And one day in 1961 the phone rang in her office. She answered it herself. It was Joseph Hirshhorn. "I've just bought the Sinclair-Robinson house here in Greenwich," he said, "and I'm looking for a chauffeur."

"The thing I notice is how nice the patina is here on the sculptures. We used to hire college kids to polish them, and they did their best. But it's so much nicer here," she said.

It has been a long trip from Olga Zatorsky's modest home in Greenwich, Connecticut, where she was the youngest of three children in a Ukrainian blue-collar family, to this spectacular museum. It's even a far cry from her second life as Mrs. Cunningham, the teenage wife of her high school English teacher, the mother of three sons at 25.

She helped support the family with a series of little businesses run from the house: a children's swimming class, then a day camp, nursery school and baby-sitting service. By the time she and her first husband separated, all this had evolved into Services Unlimited, an employment agency.

By then, Hirshhorn, a Brooklyn poor boy and high school dropout, was a multimillionaire who owned literally enough art to fill a museum.

Hirshhorn soon called again, for a cook, then a maid, then another maid. He liked Olga's efficiency, her independence and her voice. He called her a lot, like ten times a day. One day he asked, "Say, Mrs. Cunningham, how old are you?" She said she was 41. And came right back at him: How old was he? Sixty-two, he replied.

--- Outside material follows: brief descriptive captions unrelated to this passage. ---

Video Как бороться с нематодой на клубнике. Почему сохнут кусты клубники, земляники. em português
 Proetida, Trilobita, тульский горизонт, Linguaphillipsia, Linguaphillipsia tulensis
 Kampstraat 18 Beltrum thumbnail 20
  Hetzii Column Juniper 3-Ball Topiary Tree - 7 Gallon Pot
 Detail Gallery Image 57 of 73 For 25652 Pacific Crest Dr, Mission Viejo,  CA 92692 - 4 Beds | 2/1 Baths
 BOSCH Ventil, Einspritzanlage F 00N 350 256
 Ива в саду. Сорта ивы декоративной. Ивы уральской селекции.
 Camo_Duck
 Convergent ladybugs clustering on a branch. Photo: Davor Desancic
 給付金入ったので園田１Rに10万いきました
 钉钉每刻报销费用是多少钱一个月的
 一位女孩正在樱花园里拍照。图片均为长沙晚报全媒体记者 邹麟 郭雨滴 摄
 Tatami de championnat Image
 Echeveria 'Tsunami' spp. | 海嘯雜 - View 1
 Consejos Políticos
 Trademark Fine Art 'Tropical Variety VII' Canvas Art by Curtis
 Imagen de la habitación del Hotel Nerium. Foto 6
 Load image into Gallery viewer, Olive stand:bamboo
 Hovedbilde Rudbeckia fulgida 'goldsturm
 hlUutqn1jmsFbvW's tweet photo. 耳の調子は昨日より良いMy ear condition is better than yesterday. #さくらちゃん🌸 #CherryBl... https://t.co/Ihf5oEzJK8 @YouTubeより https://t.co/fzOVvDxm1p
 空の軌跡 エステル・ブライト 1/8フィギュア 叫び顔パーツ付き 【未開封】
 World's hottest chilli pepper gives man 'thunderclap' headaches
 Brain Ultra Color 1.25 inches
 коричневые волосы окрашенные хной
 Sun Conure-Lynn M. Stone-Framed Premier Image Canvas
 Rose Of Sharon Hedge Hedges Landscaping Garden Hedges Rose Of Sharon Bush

Later he asked, "Say, how tall are you?" Five feet even, she replied. This was fine with him: he was 5 feet 4. After they had dated awhile, he said, "If you lose ten pounds, I'll marry you." "I took a month to take it off," Olga confides. They were married in 1964. From then until his death by heart attack in 1981 they were a devoted couple. "My life revolved around him," she said once.

Already she had the collecting bug, mostly Victorian furniture and jewelry, hats, haircombs and such.

"But Joe brought me into a very exciting world," she told me. And this museum was part of it. Yet she made it her own, and her unassuming ways have endeared her to the guards, who greet her as an old friend.